§ The input
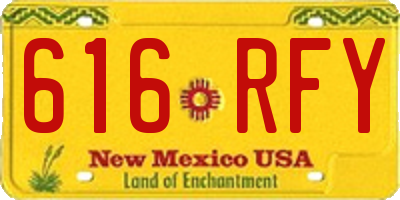NM license plate 616RFY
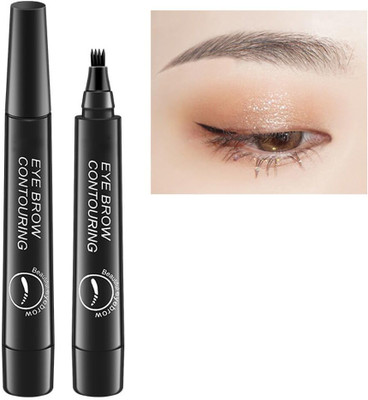 Emijun Waterproof Eyebrow Tatto Pen with 4-Prong Micro-Fork-Tip Applicator 4 g(black)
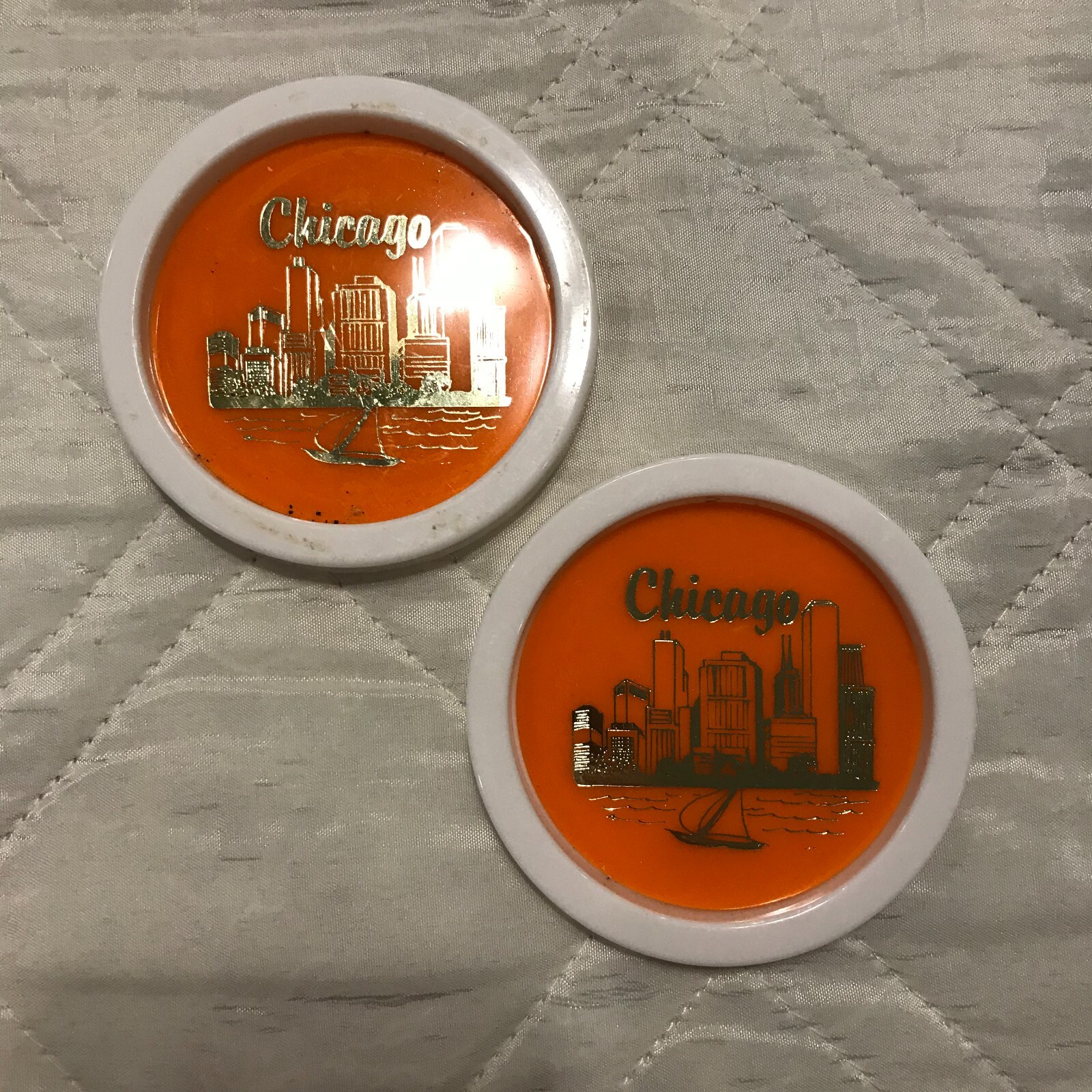 2 Vintage Chicago plactic coasters made in USA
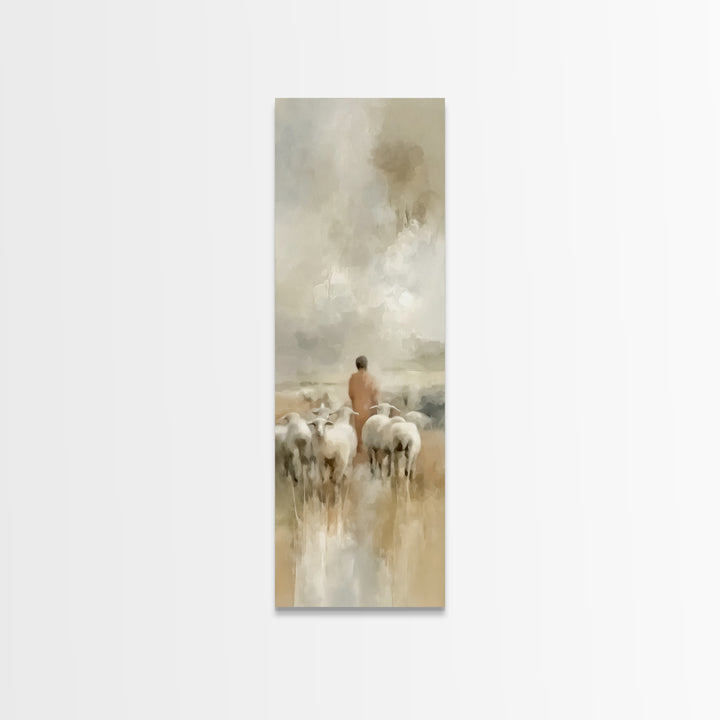 Flock In Stillness – Framed Canvas Print – Christian Art Canvas – Christian Painting – Tall Skinny Art Print – Christian Wall Art – Jesus A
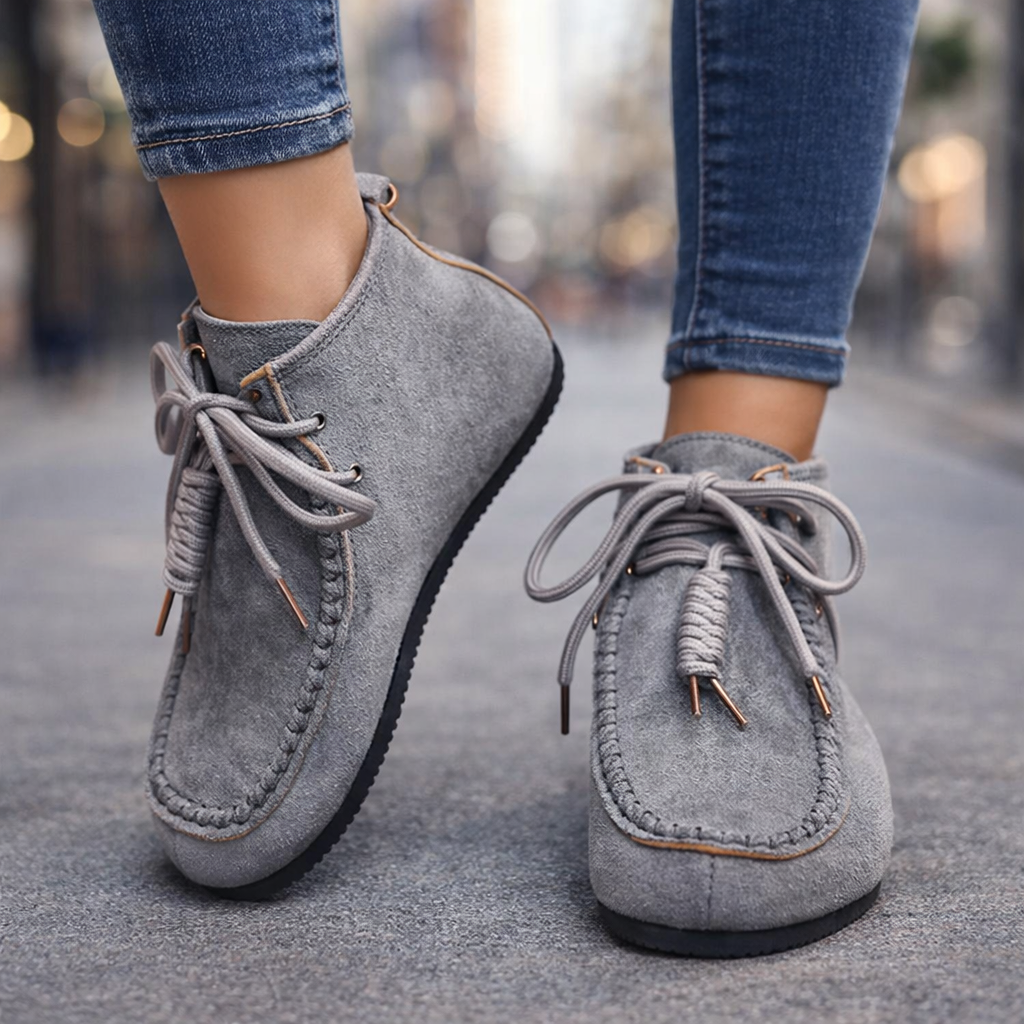 Stylish women's suede lace-up ankle boots with orthopedic comfort features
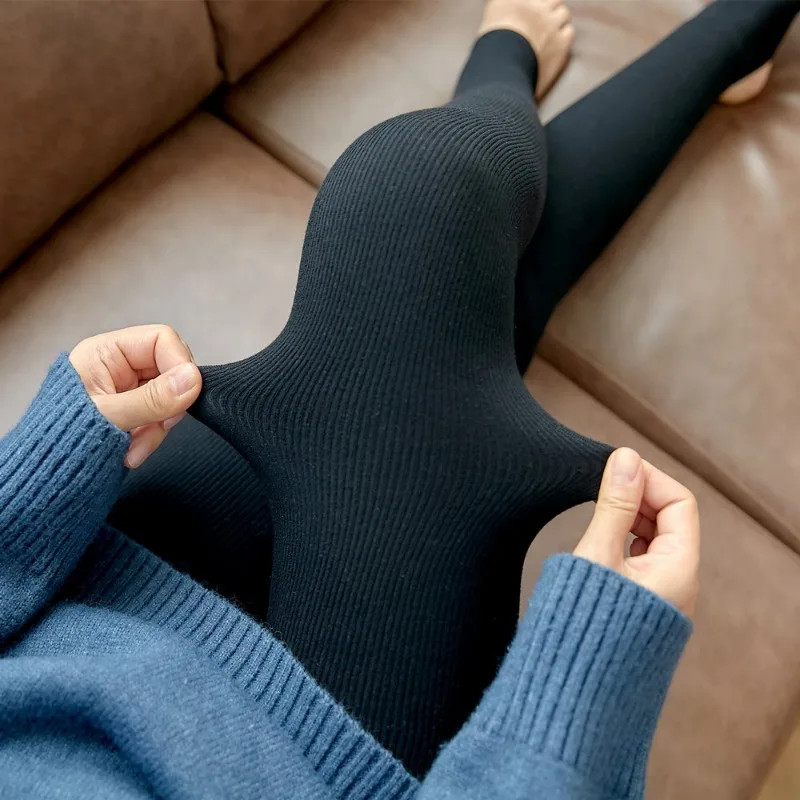 Thicken Leggings Women Winter Warm High Waist Leggings Casual Elasticity Velvet Leggings Slimming Solid Female Fleece Thermal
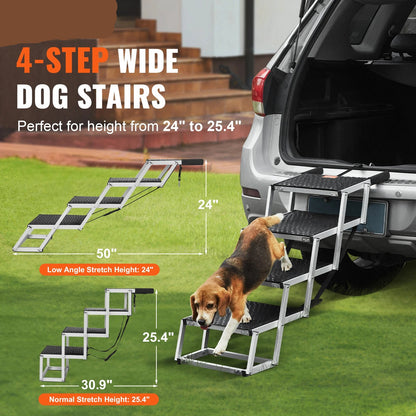 Opvouwbare Hondentrap – 4-Traps - Autotrap voor Honden – Lichtgewicht en Verstelbaar – Geschikt voor Auto - SUV - Truck - Anti-slip Treden - 17in 31in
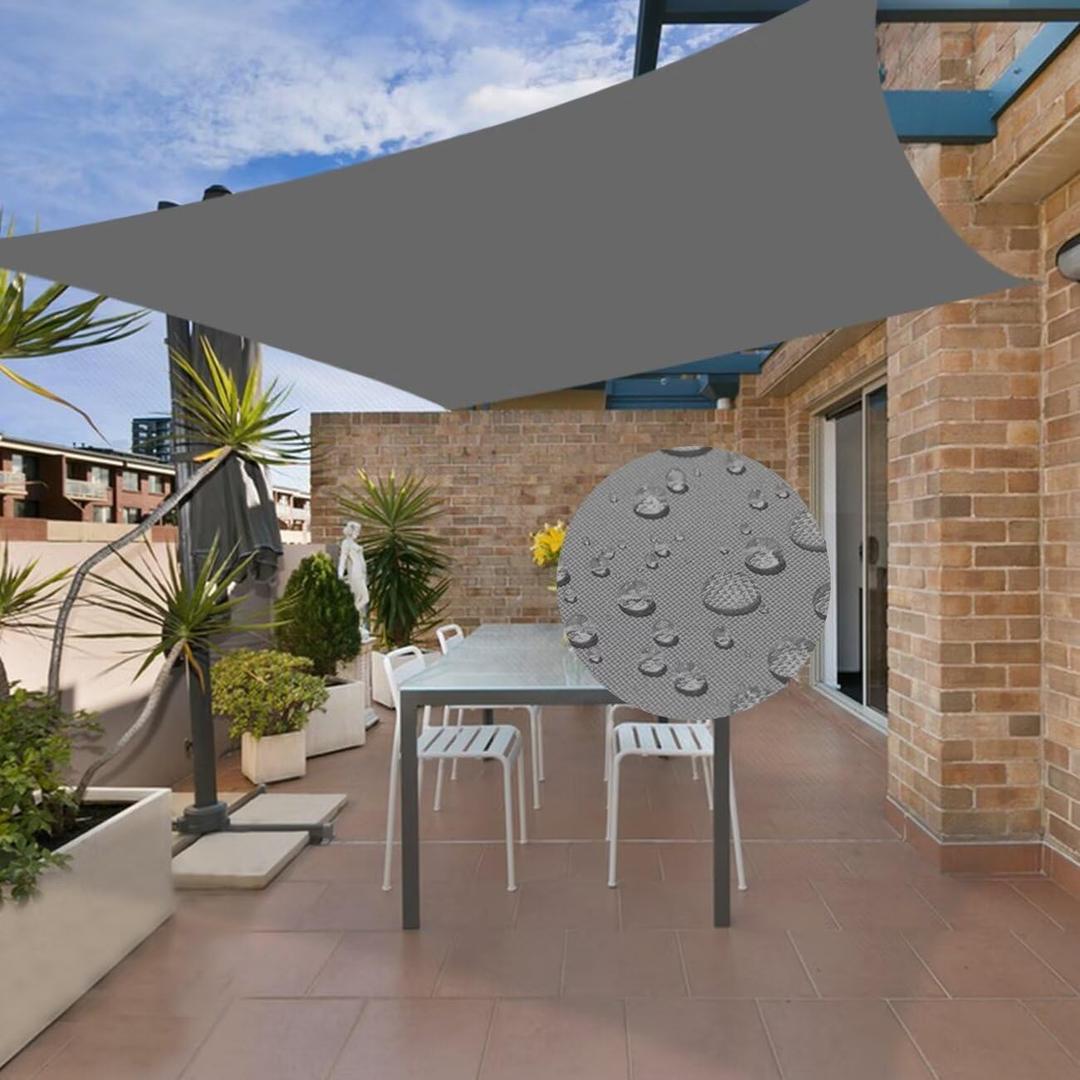 10' *10' Waterproof Sun Shade Sail Canopy Awning Shelter, 95% UV Block Water Resistant for Backyard Yard Deck Patio Garden Outdoor Activities and Facility (We Make Custom Size), Grey 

§ Exercise
Restate word for word only the lines that run from the line holding "Opvouwbare Hondentrap –" to the end of the data, both ends kept, leaving every picture out.

§ Result of this task
 Opvouwbare Hondentrap – 4-Traps - Autotrap voor Honden – Lichtgewicht en Verstelbaar – Geschikt voor Auto - SUV - Truck - Anti-slip Treden - 17in 31in
 10' *10' Waterproof Sun Shade Sail Canopy Awning Shelter, 95% UV Block Water Resistant for Backyard Yard Deck Patio Garden Outdoor Activities and Facility (We Make Custom Size), Grey 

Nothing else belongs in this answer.